Brevia doesn't provide a specific authentication and authorization mechanism, it has been designed to be as simple as possibile and one of the main goals is to allow integration with existing systems such as CMS, document systems and other content or business applications.
Security can be a very complex topic actually.
Out of the box Brevia provides a very simple mechanism to protect endpoints based on OAuth2 and JWT tokens.
To activate token protection of Brevia endpoints you have to define a secret in TOKENS_SECRET
environment variable (see Configuration section on more details on environment variables and configuration).
This secret will be used to generate and check valid tokens.
Additionally you can define in TOKENS_USERS
an optional comma separated list of valid user names that must be present in a token. Below more details on how this works.

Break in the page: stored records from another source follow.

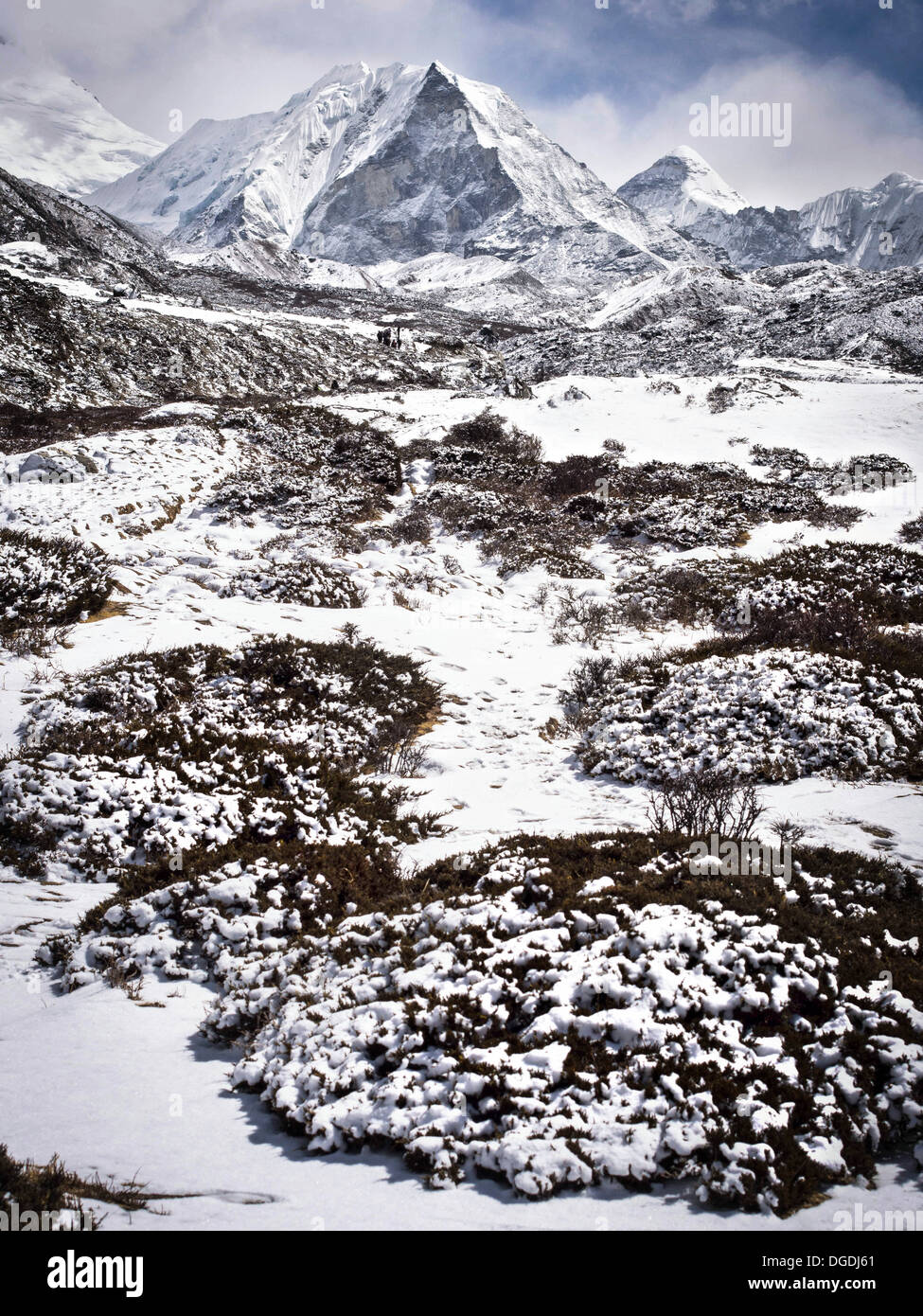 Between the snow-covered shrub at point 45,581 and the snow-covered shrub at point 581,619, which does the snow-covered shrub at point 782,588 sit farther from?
the snow-covered shrub at point 45,581

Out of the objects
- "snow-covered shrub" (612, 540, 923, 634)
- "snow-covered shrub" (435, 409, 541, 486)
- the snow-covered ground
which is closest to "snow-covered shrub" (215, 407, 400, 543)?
the snow-covered ground

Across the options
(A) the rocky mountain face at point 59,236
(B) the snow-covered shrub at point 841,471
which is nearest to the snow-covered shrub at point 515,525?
(B) the snow-covered shrub at point 841,471

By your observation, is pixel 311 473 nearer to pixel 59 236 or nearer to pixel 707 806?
pixel 707 806

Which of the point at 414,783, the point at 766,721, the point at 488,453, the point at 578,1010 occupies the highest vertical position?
the point at 488,453

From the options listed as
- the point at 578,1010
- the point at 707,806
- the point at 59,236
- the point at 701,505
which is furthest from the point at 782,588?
the point at 59,236

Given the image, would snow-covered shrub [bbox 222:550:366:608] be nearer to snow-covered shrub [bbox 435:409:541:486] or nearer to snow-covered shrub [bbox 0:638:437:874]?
snow-covered shrub [bbox 0:638:437:874] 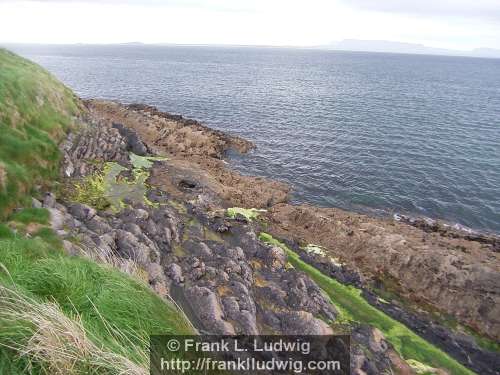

To create a new token there is a command to launch after activating the virtualenv (using poetry shell
for instance)
create_token -u {username} -d {duration}
A JWT token is created and displayed in the terminal with these options
- with
-u
you can create a token having a specific username as content - with
-d
you can define a custom duration, default duration is 60 minutes
Upon activation via TOKENS_SECRET
env variable every endpoint is accessible via Bearer Authentication. Every API call must have an Authorization header in this form
Authorization: Bearer <token>
where <token>
validity is checked using TOKENS_SECRET
and a matching username is searched in TOKENS_USERS
if defined
There is an exception in tokens check for the /status
endpoint.
This endpoint can be used by third party services to monitor your API status.
If token check has been validated you may use a special token defined in STATUS_TOKEN
env var to enable this and only this endpoint to be called without using an actual JWT token.
This particular token must be used via query string like this:
GET /status?token={status-token}
If this scheme does not suit you or if you want a stronger level of security you could build other solutions using what FastAPI provides or use some third party security tools, like the ones listed here. There are really many possible options.